The Ordinary Least Squares (OLS) estimator is β̂ = (XtX)−1(XtY) for a design matrix X and an outcome vector Y (Hansen 2022).
The following code shows how to compute the OLS estimator using
Armadillo and sending data from R to C++ and viceversa using
cpp11
and cpp11armadillo
(Sanderson and Curtin 2016):
#include <cpp11.hpp>
#include <cpp11armadillo.hpp>
using namespace arma;
using namespace cpp11;
[[cpp11::register]] doubles_matrix<> ols_mat_(const doubles_matrix<>& x) {
Mat<double> Y = as_Mat(x); // convert from R to C++
Mat<double> Yinv = inv(Y); // Y^(-1)
return as_doubles_matrix(Yinv); // convert from C++ to R
}
The previous code includes the cpp11
and
cpp11armadillo
libraries (cpp11armadillo calls Armadillo)
to allow interfacing C++ with R. It also loads the corresponding
namespaces in order to simplify the notation (i.e., using
Mat
instead of arma::Mat
), and the function
as_Mat()
and as_doubles_mat()
are provided by
cpp11armadillo
to pass a matrix
object from R
to C++ and that Armadillo can read and then pass it back to R.
The use of const
and &
are specific to
the C++ language and allow to pass data from R to C++ without copying
the data, and therefore saving time and memory.
cpp11armadillo
provides flexibility and in the case of
the resulting vector of OLS coefficients, it can be returned as a matrix
or a vector. The following code shows how to create three functions to
compute the OLS estimator and return the result as a matrix or a vector
avoiding repeated code:
Mat<double> ols_(const doubles_matrix<>& y, const doubles_matrix<>& x) {
Mat<double> Y = as_Mat(y); // Col<double> Y = as_Col(y); also works
Mat<double> X = as_Mat(x);
Mat<double> XtX = X.t() * X; // X'X
Mat<double> XtX_inv = inv(XtX); // (X'X)^(-1)

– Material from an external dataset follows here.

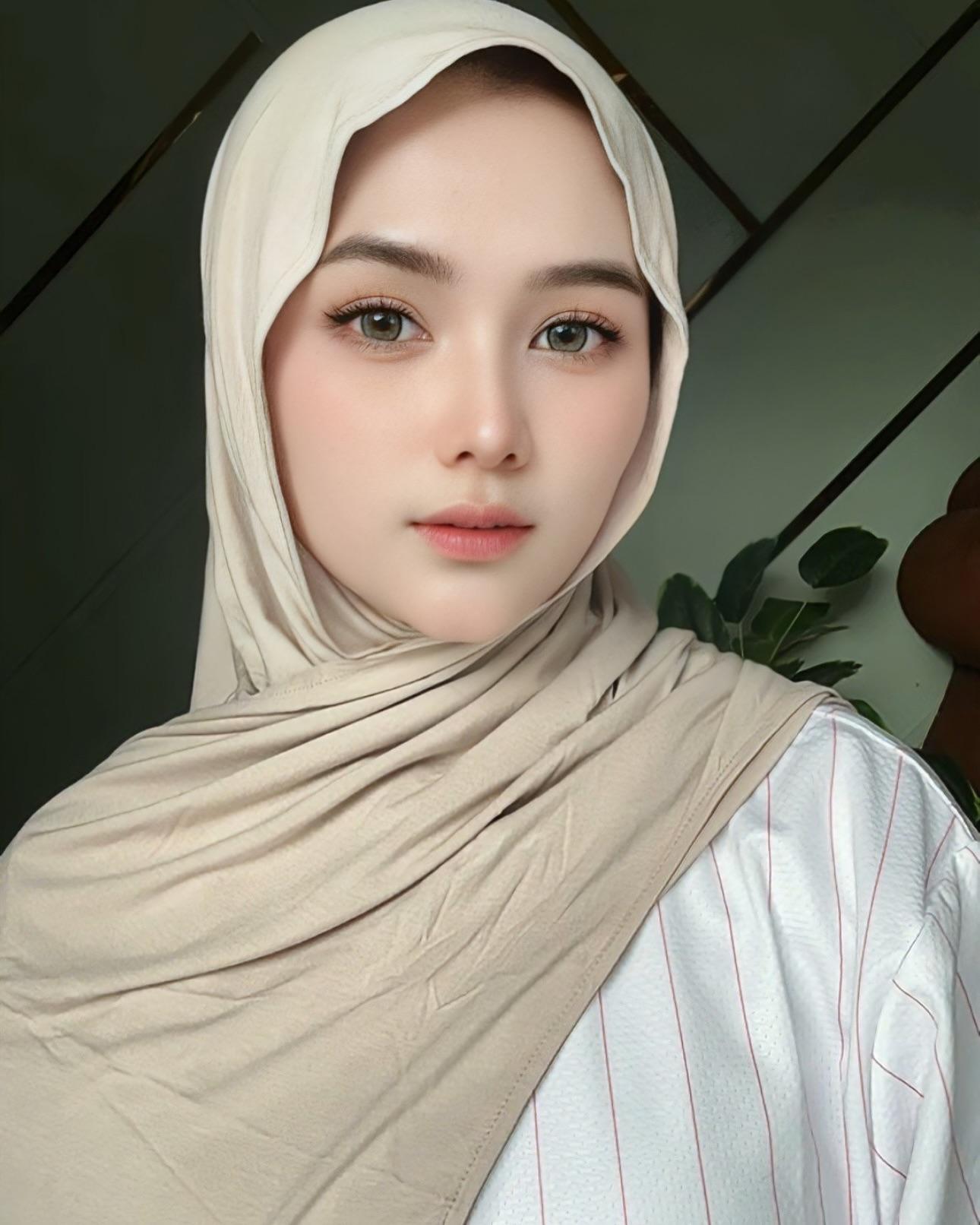 CHAPTER 3 - GODAAN DARI KULI KEKAR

Mat<double> beta = XtX_inv * X.t() * Y; // (X'X)^(-1)(X'Y)
return beta;
}
[[cpp11::register]] doubles_matrix<> ols_mat_(const doubles_matrix<>& y,
const doubles_matrix<>& x) {
Mat<double> beta = ols_(y, x);
return as_doubles_matrix(beta);
}
[[cpp11::register]] doubles ols_dbl_(const doubles_matrix<>& y,
const doubles_matrix<>& x) {
Mat<double> beta = ols_(y, x);
return as_doubles(beta);
}
In the previous code, the ols_mat_()
function receives
inputs from R and calls ols_()
to do the computation on C++
side, and ols_dbl_()
does the same but it returns a vector
instead of a matrix.
A proper benchmark is to compute eigenvalues for large matrices. Both
cpp11armadillo
and RcppArmadillo
use Armadillo
as a backend, and the marginal observed differences are because of how
cpp11 and Rcpp pass data from R to C++ and viceversa. The computation
times are identical.
Input | Median time cpp11armadillo | Median time RcppArmadillo |
---|---|---|
500x500 | 35.07ms | 36.4ms |
1000x1000 | 260.28ms | 263.21ms |
1500x1500 | 874.62ms | 857.31ms |
2000x2000 | 2.21s | 2.21s |
Input | Memory allocation cpp11armadillo | Memory allocation RcppArmadillo |
---|---|---|
500x500 | 17.1KB | 4.62MB |
1000x1000 | 21KB | 4.62MB |
1500x1500 | 24.9KB | 4.63MB |
2000x2000 | 28.8KB | 4.63MB |
The cpp11armadillo
computation was obtained with the
following function:
[[cpp11::register]] doubles_matrix<> eigen_sym_mat(const doubles_matrix<>& x) {
Mat<double> X = as_Mat(x);
Mat<double> y = eig_sym(X);
return as_doubles_matrix(y);
}
The RcppArmadillo
computation was obtained with the
following function:
#include <RcppArmadillo.h>
// [[Rcpp::depends(RcppArmadillo)]]
using namespace Rcpp;
// [[Rcpp::export]]
arma::mat eigen_sym_mat(const arma::mat& x) {
arma::mat y = eig_sym(x);
return y;
}
In order to get the RcppArmadillo
function to work, we
had to dedicate time to search online about the error
function 'enterRNGScope' not provided by package 'Rcpp'
,
which required to include
// [[Rcpp::depends(RcppArmadillo)]]
for the function to
work.
The package repository includes the directory
cpp11armadillotest
, which contains an R package that uses
Armadillo, and that provides additional examples for eigenvalues,
Cholesky and QR decomposition, and linear models.